Eugene Onegin: Editions, editions, editions

Happy New Year 2014!  It’s going to be an awesome year for reading – I’m so very excited to start the challenges I joined for the year. 

In one week, in fact, we start the Eugene Onegin Read-Along!  On January 7th, there will be a post with the first link-up/check-in.  Over the following week and a half, you can then add the link to your blog post(s) on chapters 1 & 2. 

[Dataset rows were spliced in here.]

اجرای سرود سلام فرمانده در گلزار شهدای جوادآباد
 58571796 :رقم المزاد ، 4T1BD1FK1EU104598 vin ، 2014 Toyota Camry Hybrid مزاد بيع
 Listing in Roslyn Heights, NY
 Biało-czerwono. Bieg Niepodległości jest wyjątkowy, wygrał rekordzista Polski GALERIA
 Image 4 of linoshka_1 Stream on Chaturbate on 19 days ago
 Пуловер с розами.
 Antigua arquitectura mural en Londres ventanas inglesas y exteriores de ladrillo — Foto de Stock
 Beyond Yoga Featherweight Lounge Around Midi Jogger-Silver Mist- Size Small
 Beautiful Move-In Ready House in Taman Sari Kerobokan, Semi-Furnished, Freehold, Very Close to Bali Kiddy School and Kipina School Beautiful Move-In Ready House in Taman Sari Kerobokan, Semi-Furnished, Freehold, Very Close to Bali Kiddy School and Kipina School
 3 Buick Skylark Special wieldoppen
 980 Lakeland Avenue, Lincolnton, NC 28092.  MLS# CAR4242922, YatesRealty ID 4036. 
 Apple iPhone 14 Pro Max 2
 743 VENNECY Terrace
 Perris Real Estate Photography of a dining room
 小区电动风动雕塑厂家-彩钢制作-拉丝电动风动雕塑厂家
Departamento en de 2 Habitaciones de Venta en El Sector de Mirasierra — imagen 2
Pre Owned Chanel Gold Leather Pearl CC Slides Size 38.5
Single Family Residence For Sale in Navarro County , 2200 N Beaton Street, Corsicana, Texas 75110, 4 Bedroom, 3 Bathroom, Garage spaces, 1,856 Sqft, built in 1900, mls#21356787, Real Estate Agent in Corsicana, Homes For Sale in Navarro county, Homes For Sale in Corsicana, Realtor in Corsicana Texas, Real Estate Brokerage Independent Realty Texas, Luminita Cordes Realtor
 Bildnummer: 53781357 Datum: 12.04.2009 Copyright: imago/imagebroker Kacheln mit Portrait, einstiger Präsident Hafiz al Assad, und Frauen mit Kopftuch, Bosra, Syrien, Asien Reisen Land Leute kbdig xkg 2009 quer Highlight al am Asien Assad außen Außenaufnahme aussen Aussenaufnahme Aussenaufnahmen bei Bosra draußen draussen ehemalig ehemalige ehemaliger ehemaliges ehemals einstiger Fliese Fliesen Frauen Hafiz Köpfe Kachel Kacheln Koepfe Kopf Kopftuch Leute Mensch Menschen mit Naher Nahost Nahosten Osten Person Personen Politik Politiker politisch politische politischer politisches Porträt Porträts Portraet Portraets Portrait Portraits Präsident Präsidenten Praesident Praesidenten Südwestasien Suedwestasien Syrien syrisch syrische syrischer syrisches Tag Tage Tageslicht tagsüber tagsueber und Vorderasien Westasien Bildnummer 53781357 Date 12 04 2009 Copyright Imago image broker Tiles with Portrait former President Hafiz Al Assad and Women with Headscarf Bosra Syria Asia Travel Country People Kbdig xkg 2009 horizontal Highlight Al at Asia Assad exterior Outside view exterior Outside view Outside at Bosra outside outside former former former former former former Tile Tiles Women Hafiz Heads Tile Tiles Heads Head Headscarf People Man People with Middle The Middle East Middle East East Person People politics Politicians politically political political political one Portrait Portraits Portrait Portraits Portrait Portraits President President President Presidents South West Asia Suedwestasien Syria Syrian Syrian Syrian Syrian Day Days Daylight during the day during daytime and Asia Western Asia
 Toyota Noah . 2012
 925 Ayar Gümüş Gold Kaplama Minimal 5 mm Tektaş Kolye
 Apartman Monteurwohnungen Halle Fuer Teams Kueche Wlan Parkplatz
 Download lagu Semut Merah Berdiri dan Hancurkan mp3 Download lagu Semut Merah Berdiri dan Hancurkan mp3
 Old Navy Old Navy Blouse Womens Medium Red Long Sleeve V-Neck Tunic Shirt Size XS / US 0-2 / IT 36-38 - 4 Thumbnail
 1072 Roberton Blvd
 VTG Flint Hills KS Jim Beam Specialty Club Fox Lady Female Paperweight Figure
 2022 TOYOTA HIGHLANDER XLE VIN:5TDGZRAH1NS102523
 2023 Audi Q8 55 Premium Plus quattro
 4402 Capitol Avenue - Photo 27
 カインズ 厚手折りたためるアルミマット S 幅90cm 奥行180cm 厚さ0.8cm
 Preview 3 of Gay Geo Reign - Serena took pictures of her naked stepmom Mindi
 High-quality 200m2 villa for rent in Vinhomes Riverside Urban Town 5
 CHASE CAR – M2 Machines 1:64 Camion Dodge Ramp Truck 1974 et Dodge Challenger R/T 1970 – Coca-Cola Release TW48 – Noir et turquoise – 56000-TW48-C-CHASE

I mentioned briefly before a quick list of copies and places to read Onegin.  Here I want to talk about them a little more in-depth:

Online – original Russian

I am (sadly) in no ways qualified to make a recommendation for a Russian edition.  However, a free online version, linked to by Wikipedia, can be found here:  ЕВГЕНИЙ ОНЕГИН

Online – English translation

The one I have read is Henry Spalding’s translation, from Project Gutenberg.  It comes in many formats, and it has a Victorian vocabulary, which is kind of nice.  On the other hand, some of the word choices are very “thesaurus.”

Another freely/legally available online translation is one by Poetry in Translation. I haven’t read it yet.  It does come in PDF, Mobi, and Epub formats.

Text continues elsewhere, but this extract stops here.